8/22/14Follow @xconomy

What happened after an MIT summer intern blogged about her sometimes-difficult experience as a woman in venture capital?

Partners at Boston-based firm General Catalyst tried to find ways of spinning the news into something positive, but didn’t really address her concerns—and in one case, a partner burst into a meeting and launched into an angry, finger-pointing tirade, former intern Erica Swallow says in a guest post on the Wall Street Journal website.

I’ve asked the firm for comment, and haven’t heard a response back yet.

Swallow’s experience highlights once again the peculiarly male-heavy demographics of venture capital as a sector: a recent Fortune survey found that women make up only 4 percent of the senior investing partners at more than 90 VC firms nationwide.

That imbalance affects investment decisions. One Harvard Business School study recently found that VCs tend to co-invest with people who share their backgrounds, even though it can be bad for business. Another study by Harvard, MIT, and University of Pennsylvania researchers found that investors tend to prefer pitches from male entrepreneurs over females, even when they’re presenting the same material.

In her original blog post for MIT’s Sloan business school, where she is a student, Swallow wrote that her summer internship at General Catalyst was a mixed bag. On one hand, she enjoyed the people she worked with and found the work interesting and fulfilling.

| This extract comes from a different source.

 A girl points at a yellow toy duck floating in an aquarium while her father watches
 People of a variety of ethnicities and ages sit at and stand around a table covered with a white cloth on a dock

But she was disturbed by the distinct lack of women in any senior investment role (General Catalyst has one woman on its investment team, at the more junior associate level). Her proposal to research women-led companies to find possible investments was rejected, she said, because there wouldn’t be anybody to carry on the project once she left.

“What message do you think I heard when I was the only woman, at a lowly intern position, sitting in on founder pitches and investment meetings? In short: VC is no place for a woman,” Swallow wrote.

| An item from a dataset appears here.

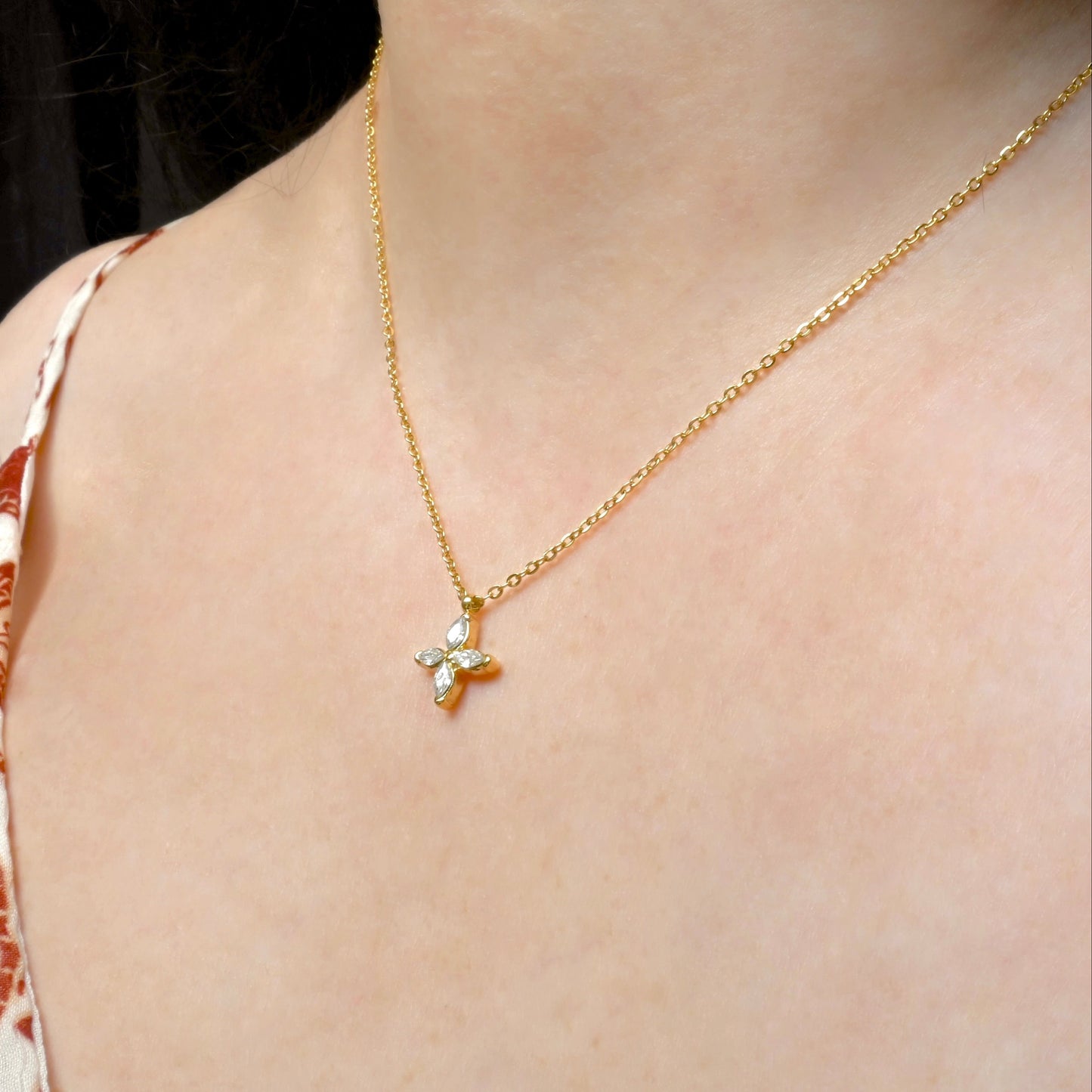 Gold flower pendant necklace with marquise-cut stone inlays on a person wearing a patterned top.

In a Wall Street Journal report about Swallow’s blog post, General Catalyst officials seemed open to dealing with the criticism. “We engaged immediately with her with a focus on trying to learn how we can do better and also how to improve the internship program,” managing director Adam Valkin told the newspaper.

Back at the office, however, Swallow says that engagement was not all constructive. Swallow, who actually had a week left on her internship when she blogged about it, wrote in the WSJ on Friday that General Catalyst’s reaction to her public complaints was mostly concerned with protecting the firm’s image.

In one meeting that stretched over multiple hours, she wrote, an unnamed male partner essentially shouted her down for going public with her complaints:

“We were chatting about the initiatives that the firm was a part of that were promoting diversity and inclusion, when another partner stormed in and began reprimanding me, telling me that I needed to apologize to the women at the firm and saying that I had no right to disclose the ongoings of the business. He said the post was misguided and anger-filled, and he was disturbed that he had received emails from LPs and portfolio founders asking how I could have done what I did. After multiple calm responses to his shouting, I couldn’t take it anymore. He had been standing and pointing furiously at me the entire time, while everyone else was seated. I stood up, tears falling from my eyes and my breath becoming uncontrollable, and said I wasn’t going to take this treatment.”

This won’t be the end of the discussion on women in VC and entrepreneurship. For her part, Swallow hopes her experience—and her outspokenness about it—will prompt an open discussion of gender imbalance in the VC industry and ideas for making it better, rather than keeping complaints behind closed doors.